#### What you have to do
Could you give the data below again exactly, apart from the pictures?

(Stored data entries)

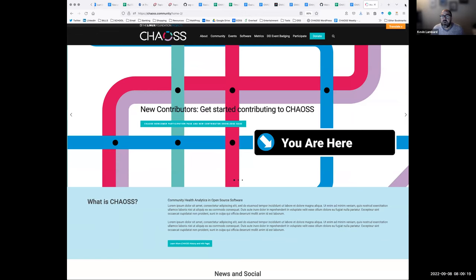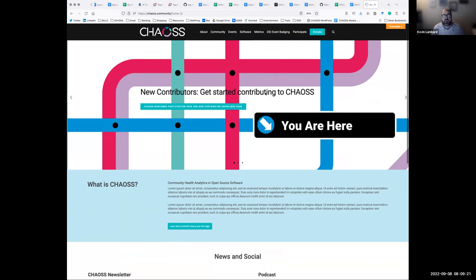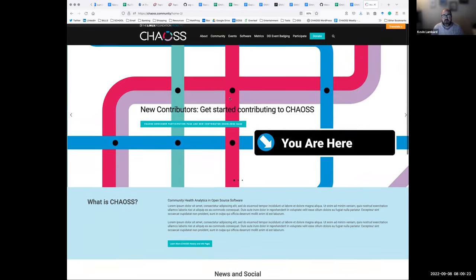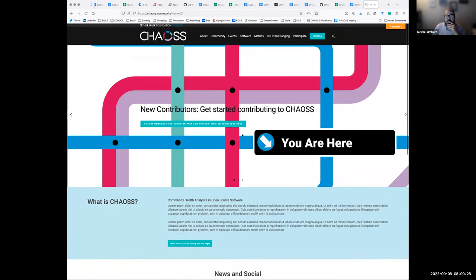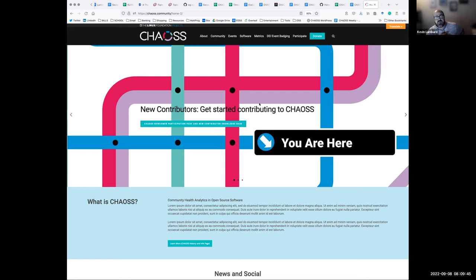So the slider currently — this isn't actually what the slider is going to look like when it's done. The current slider plugin that we have doesn't have some of the features and functionality that we need. Sean's traveling right now and I need him to purchase a new plugin for us. We're actually switching to Meta Slider.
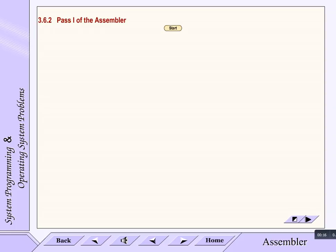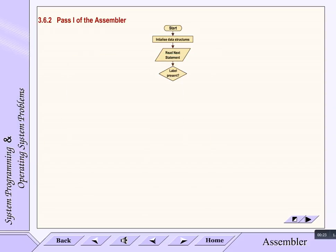At the start of pass 1, first initialize the data structures, then read the next instruction. If label is present, then enter label and LC in symbol table and then search it in the operand table.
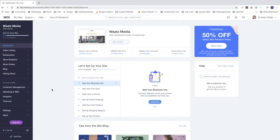Hi everyone, my name is Andreas Watts and in this Wix tutorial we're going to learn how you can unpublish a website, and also how you can delete a website in 2020.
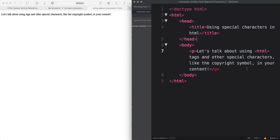Let's talk about using HTML tags and other special characters like the copyright symbol in your content. Say you want to write out some code in your HTML document and display it for your users.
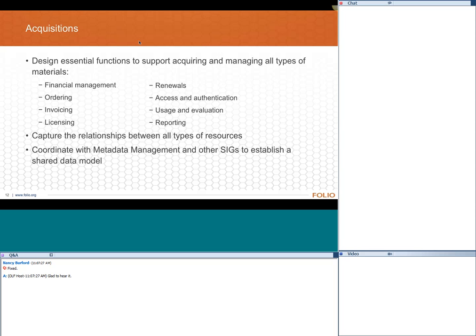I think these areas illustrate the value of having an RM SIG rather than separating acquisitions from resource management or e-resource management. We're not following the path of a traditional ILS necessarily — we're dealing with ordering, but also licensing and subscription management, all pushed together. Capturing relationships between all types of resources and records has been core to the way we're thinking about everything. Coordinating with other SIGs is also particularly important; metadata management is the most obvious, as our work touches on bib, holding, and item records.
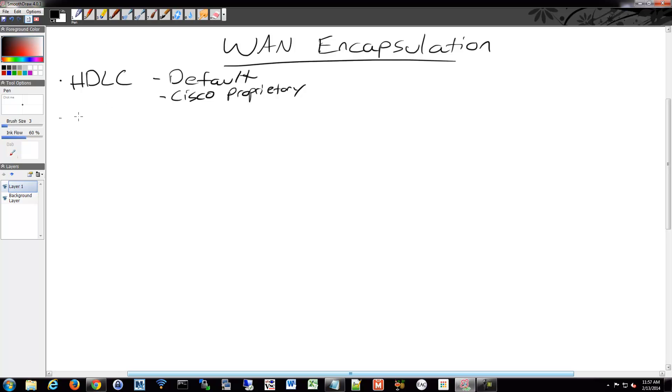There's also PPP, Point-to-Point Protocol, and that uses HDLC but includes security such as PAP and CHAP.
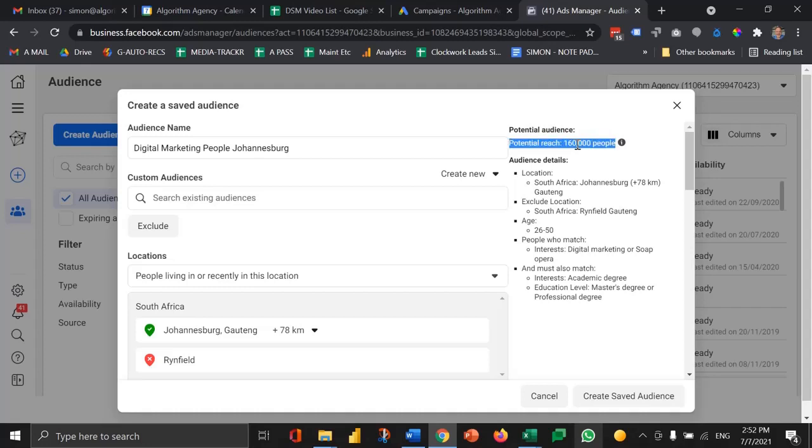This can give you a guide of how big the audience needs to be. My advice would be to try and aim to reach people more than twice, so that they have a chance of recalling your message. So whatever your budget is, divide that by 60 Rand, just to be on the safe side. That'll tell you how many thousand people you can reach with that budget. Then maybe divide that by two or three to say I want to reach that audience twice or three times.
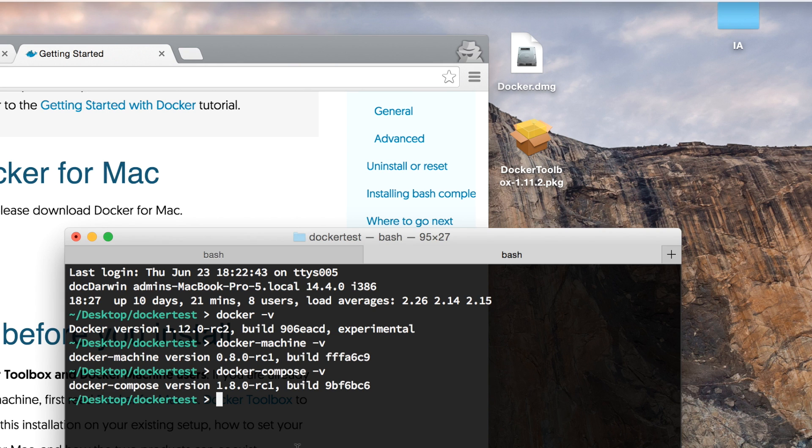I'm gonna leave it at that for this video. I hope you find it useful and install it to your Mac. Let me know what you think about Docker. Thanks for watching, I'll see you next time.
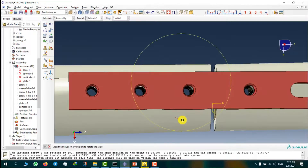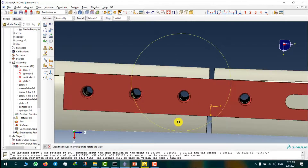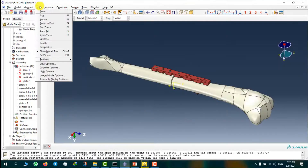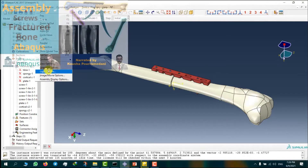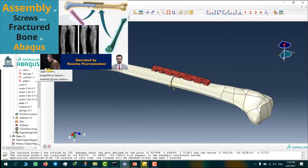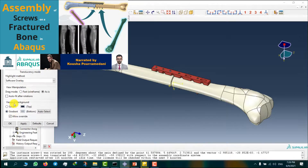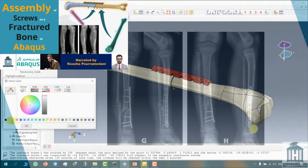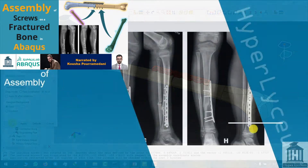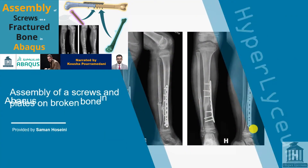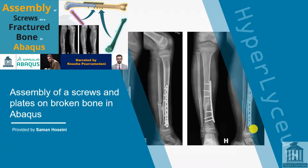Welcome to another session of Abacus Tutorials by Hyperlyceum Team. This video was made by Samar Hosseini and narrated by Kushapur Ramadani. In this session, we are going to model an external fixator's attachment to a fractured tibia bone.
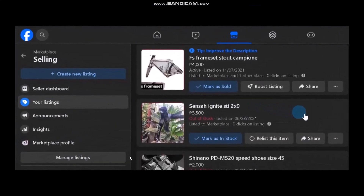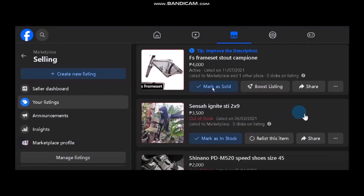Once you tap on Selling, you'll be seeing your selling items. Now, in order to delete your Marketplace account you need to delete your Facebook account — but you don't want that, right? So what you can do is simply delete all your listings.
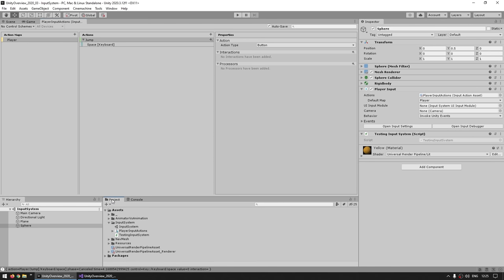Let's delete the default binding that was created automatically and instead click the plus icon to add a 2D Vector Composite. With this we get four directions: up, down, left, right. This is perfect for binding to something like the arrow keys or W, A, S, D. Select each binding, click on the path, click Listen, and press the corresponding key — W for up, S for down, A for left, D for right. Don't forget to click Save Asset so it regenerates the C# class.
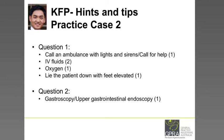In terms of the second question — what would be the single most useful investigation to establish a diagnosis — there is only one answer, so don't put more than one and don't put variations of the same answer. Gastroscopy or upper GI endoscopy is the correct answer.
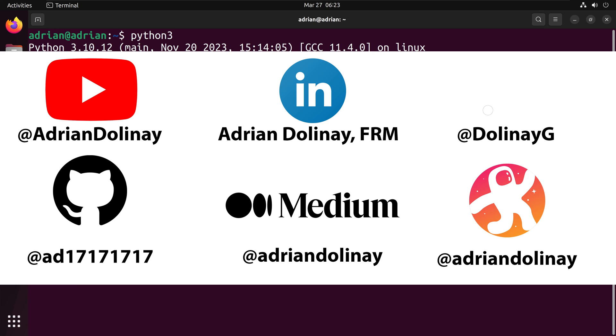If you found this video helpful, feel free to like and subscribe. You can also connect with me on LinkedIn, X, GitHub, Medium, and Odyssey. Thanks again, everyone, and happy coding.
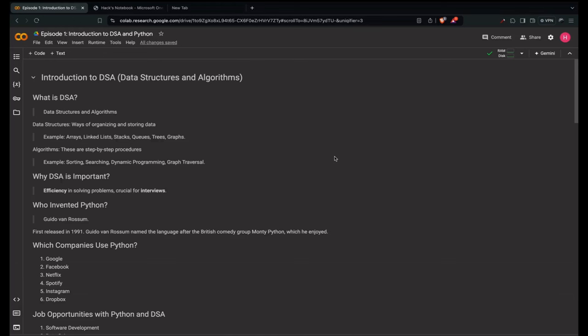Welcome to DSA in Python course. This series is designed to help you master data structures and algorithms using Python, a powerful and easy-to-learn programming language. Whether you are a beginner or looking to strengthen your coding skills, this course will take you from basics to more advanced concepts in DSA, one step at a time.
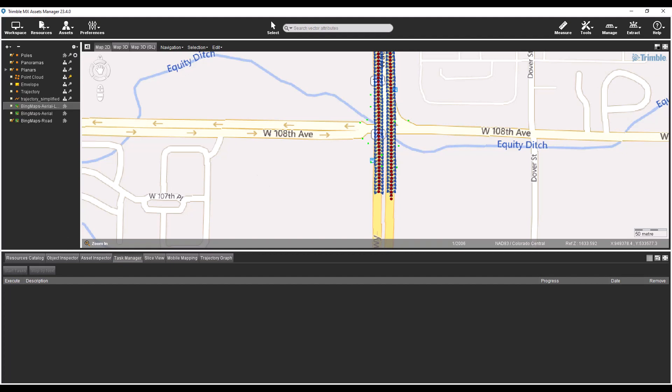That's all for this video about the new version 23.4 Trimble MX Assets Manager software. Thanks for watching!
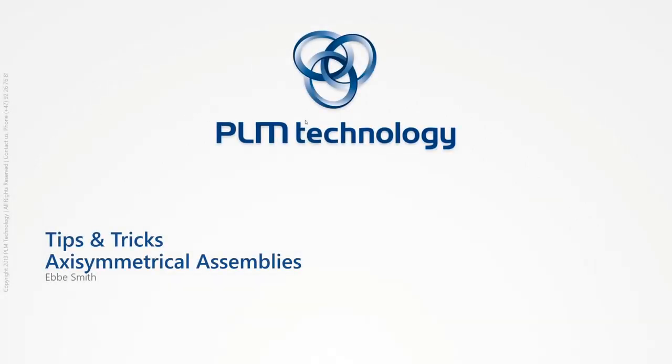Hello fellow Abaqus users. My name is Ebbe Smith and I work for a company called PLM Technology. We are a value-added reseller in Norway, selling Dassault Systèmes products, 3D Experience and CATIA.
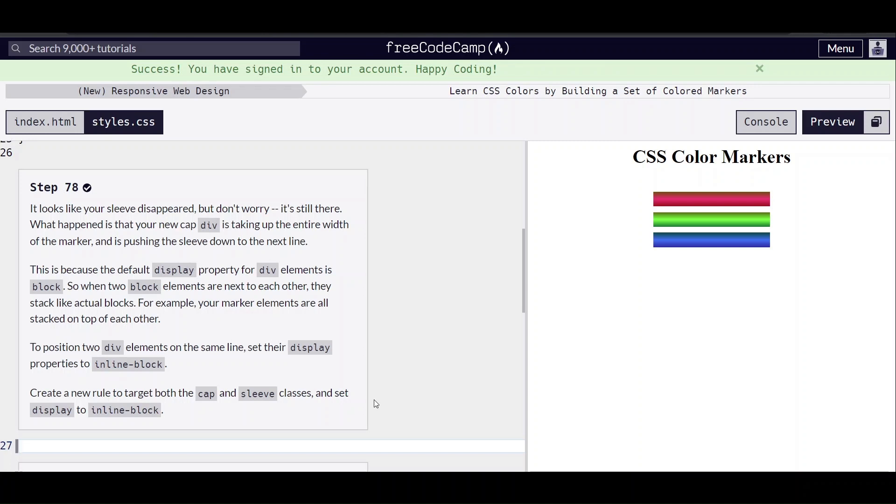Hello everybody, we are on step 78 of learning CSS colors by building a set of colored markers on freecodecamp.org.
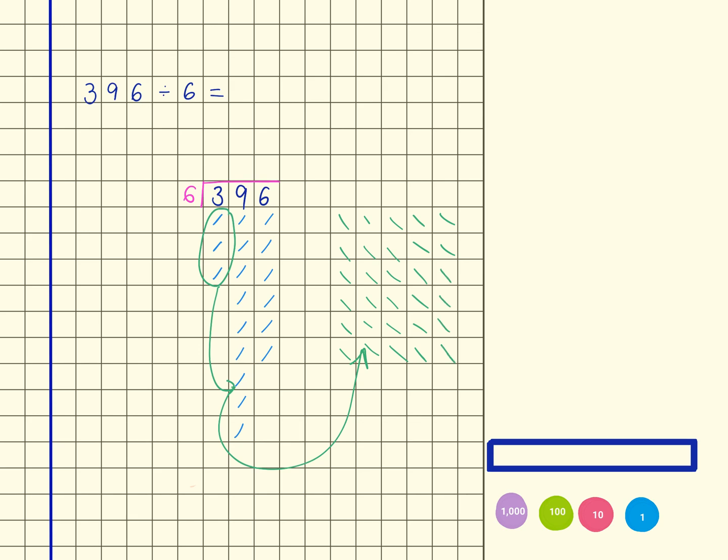And if I was to do that up here, I would actually just cross out that 3 and move it across. I've now got 39 tens in my tens column. So I'm now looking for groups of 6.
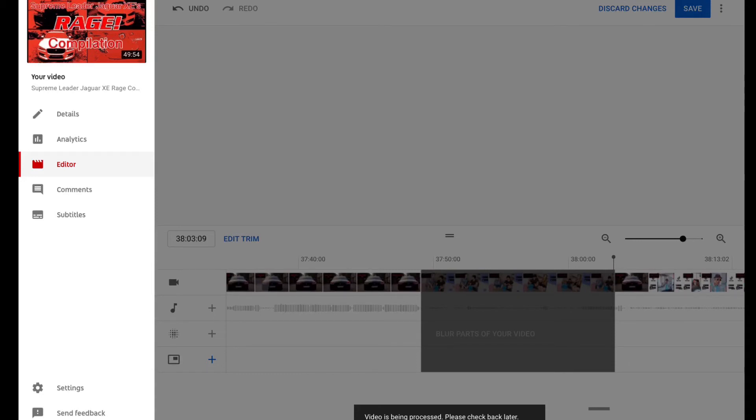This was just a quick update video to tell you guys it's now finally working, and as soon as it's done processing, I'll unprivate the video. See you guys soon. End of the video.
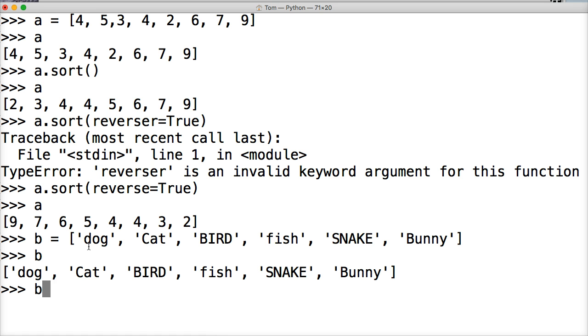And there's a reason why I put these in capitals and non-capitals. I'll show you in a second. Hit return, and we'll call B, and you can see there's really no alphabetical order for our animals here. So let's call sort to put them in alphabetical order. So sort, parentheses, no arguments. Hit return.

#### Answer to the exercise
So the slider currently — this isn't actually what the slider is going to look like when it's done. The current slider plugin that we have doesn't have some of the features and functionality that we need. Sean's traveling right now and I need him to purchase a new plugin for us. We're actually switching to Meta Slider.
At the start of pass 1, first initialize the data structures, then read the next instruction. If label is present, then enter label and LC in symbol table and then search it in the operand table.
Hi everyone, my name is Andreas Watts and in this Wix tutorial we're going to learn how you can unpublish a website, and also how you can delete a website in 2020.
Let's talk about using HTML tags and other special characters like the copyright symbol in your content. Say you want to write out some code in your HTML document and display it for your users.
I think these areas illustrate the value of having an RM SIG rather than separating acquisitions from resource management or e-resource management. We're not following the path of a traditional ILS necessarily — we're dealing with ordering, but also licensing and subscription management, all pushed together. Capturing relationships between all types of resources and records has been core to the way we're thinking about everything. Coordinating with other SIGs is also particularly important; metadata management is the most obvious, as our work touches on bib, holding, and item records.
There's also PPP, Point-to-Point Protocol, and that uses HDLC but includes security such as PAP and CHAP.
This can give you a guide of how big the audience needs to be. My advice would be to try and aim to reach people more than twice, so that they have a chance of recalling your message. So whatever your budget is, divide that by 60 Rand, just to be on the safe side. That'll tell you how many thousand people you can reach with that budget. Then maybe divide that by two or three to say I want to reach that audience twice or three times.
I'm gonna leave it at that for this video. I hope you find it useful and install it to your Mac. Let me know what you think about Docker. Thanks for watching, I'll see you next time.
Welcome to another session of Abacus Tutorials by Hyperlyceum Team. This video was made by Samar Hosseini and narrated by Kushapur Ramadani. In this session, we are going to model an external fixator's attachment to a fractured tibia bone.
Once you tap on Selling, you'll be seeing your selling items. Now, in order to delete your Marketplace account you need to delete your Facebook account — but you don't want that, right? So what you can do is simply delete all your listings.
Let's delete the default binding that was created automatically and instead click the plus icon to add a 2D Vector Composite. With this we get four directions: up, down, left, right. This is perfect for binding to something like the arrow keys or W, A, S, D. Select each binding, click on the path, click Listen, and press the corresponding key — W for up, S for down, A for left, D for right. Don't forget to click Save Asset so it regenerates the C# class.
In terms of the second question — what would be the single most useful investigation to establish a diagnosis — there is only one answer, so don't put more than one and don't put variations of the same answer. Gastroscopy or upper GI endoscopy is the correct answer.
If you found this video helpful, feel free to like and subscribe. You can also connect with me on LinkedIn, X, GitHub, Medium, and Odyssey. Thanks again, everyone, and happy coding.
Welcome to DSA in Python course. This series is designed to help you master data structures and algorithms using Python, a powerful and easy-to-learn programming language. Whether you are a beginner or looking to strengthen your coding skills, this course will take you from basics to more advanced concepts in DSA, one step at a time.
That's all for this video about the new version 23.4 Trimble MX Assets Manager software. Thanks for watching!
Hello fellow Abaqus users. My name is Ebbe Smith and I work for a company called PLM Technology. We are a value-added reseller in Norway, selling Dassault Systèmes products, 3D Experience and CATIA.
Hello everybody, we are on step 78 of learning CSS colors by building a set of colored markers on freecodecamp.org.
And if I was to do that up here, I would actually just cross out that 3 and move it across. I've now got 39 tens in my tens column. So I'm now looking for groups of 6.
This was just a quick update video to tell you guys it's now finally working, and as soon as it's done processing, I'll unprivate the video. See you guys soon. End of the video.
And there's a reason why I put these in capitals and non-capitals. I'll show you in a second. Hit return, and we'll call B, and you can see there's really no alphabetical order for our animals here. So let's call sort to put them in alphabetical order. So sort, parentheses, no arguments. Hit return.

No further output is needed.